What this task involves: Write out each line from the data below that includes the word "Fashionable".

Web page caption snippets
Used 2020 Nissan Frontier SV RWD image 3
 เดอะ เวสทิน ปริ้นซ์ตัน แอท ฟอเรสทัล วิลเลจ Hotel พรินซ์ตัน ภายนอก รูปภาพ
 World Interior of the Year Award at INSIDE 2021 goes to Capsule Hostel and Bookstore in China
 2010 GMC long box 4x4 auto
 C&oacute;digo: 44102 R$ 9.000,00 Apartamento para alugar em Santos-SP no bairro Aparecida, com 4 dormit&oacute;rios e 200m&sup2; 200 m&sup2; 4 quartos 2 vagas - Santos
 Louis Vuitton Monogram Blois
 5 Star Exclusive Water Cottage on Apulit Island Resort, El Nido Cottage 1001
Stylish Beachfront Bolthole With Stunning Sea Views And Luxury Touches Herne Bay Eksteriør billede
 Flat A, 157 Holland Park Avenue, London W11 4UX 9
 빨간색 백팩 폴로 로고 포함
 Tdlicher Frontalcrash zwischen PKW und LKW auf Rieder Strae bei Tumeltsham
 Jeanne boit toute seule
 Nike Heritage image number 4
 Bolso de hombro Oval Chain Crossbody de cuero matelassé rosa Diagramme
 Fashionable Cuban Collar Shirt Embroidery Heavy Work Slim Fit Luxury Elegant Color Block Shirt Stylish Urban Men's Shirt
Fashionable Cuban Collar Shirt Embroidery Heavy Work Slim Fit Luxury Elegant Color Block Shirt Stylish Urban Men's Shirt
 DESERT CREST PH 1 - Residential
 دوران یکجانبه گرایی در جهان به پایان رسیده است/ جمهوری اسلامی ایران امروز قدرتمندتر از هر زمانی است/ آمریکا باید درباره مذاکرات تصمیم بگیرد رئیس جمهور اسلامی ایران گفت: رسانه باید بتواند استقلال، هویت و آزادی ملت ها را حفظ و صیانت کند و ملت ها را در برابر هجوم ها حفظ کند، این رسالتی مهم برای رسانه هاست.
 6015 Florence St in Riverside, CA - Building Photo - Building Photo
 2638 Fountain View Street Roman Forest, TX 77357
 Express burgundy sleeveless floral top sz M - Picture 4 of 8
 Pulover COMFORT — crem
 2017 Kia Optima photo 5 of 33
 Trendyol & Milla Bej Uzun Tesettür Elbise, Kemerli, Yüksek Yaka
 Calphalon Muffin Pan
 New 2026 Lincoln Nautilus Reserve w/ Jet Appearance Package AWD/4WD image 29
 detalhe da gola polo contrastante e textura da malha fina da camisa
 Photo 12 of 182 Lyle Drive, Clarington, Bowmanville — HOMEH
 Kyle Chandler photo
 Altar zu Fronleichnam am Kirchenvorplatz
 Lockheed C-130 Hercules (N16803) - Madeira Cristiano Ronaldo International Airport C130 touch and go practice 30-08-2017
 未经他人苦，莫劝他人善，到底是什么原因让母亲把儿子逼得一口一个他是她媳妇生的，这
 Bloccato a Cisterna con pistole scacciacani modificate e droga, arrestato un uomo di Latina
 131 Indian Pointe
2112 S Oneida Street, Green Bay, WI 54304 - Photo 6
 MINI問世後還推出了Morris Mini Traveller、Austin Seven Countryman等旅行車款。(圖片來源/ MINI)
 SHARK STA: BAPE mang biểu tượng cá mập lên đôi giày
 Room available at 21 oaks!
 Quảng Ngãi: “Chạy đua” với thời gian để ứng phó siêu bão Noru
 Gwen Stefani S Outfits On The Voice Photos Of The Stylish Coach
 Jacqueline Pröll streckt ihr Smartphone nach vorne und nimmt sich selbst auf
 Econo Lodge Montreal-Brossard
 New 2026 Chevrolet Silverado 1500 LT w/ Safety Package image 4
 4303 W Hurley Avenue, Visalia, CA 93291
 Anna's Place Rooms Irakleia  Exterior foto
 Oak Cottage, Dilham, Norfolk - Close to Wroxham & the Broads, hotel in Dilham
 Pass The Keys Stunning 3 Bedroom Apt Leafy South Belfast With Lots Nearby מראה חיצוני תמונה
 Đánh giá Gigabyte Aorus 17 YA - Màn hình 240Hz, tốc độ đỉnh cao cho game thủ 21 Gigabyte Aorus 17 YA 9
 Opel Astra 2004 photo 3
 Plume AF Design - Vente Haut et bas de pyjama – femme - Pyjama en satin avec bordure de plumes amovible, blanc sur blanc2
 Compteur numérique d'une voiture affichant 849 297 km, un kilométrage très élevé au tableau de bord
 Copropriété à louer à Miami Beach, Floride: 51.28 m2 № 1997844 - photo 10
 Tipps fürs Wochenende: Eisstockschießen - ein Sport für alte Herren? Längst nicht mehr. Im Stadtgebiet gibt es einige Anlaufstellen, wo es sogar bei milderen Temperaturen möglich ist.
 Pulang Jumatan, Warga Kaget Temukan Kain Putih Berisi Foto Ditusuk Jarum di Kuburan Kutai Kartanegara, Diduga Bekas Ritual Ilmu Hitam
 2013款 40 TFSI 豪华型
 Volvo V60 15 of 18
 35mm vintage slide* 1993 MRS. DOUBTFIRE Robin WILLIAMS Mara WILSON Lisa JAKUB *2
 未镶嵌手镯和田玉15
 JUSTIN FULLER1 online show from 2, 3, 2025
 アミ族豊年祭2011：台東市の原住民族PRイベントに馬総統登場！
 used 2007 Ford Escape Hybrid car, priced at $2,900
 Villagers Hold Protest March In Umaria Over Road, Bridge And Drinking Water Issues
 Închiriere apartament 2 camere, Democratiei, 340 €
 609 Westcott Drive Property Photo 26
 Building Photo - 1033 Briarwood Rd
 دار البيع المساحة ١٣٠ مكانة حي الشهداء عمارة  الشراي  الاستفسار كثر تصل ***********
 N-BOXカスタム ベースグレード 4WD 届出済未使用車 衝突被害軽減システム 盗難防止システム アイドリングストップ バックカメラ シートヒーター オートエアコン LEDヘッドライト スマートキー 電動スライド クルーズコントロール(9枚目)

Task answer:
 Fashionable Cuban Collar Shirt Embroidery Heavy Work Slim Fit Luxury Elegant Color Block Shirt Stylish Urban Men's Shirt
Fashionable Cuban Collar Shirt Embroidery Heavy Work Slim Fit Luxury Elegant Color Block Shirt Stylish Urban Men's Shirt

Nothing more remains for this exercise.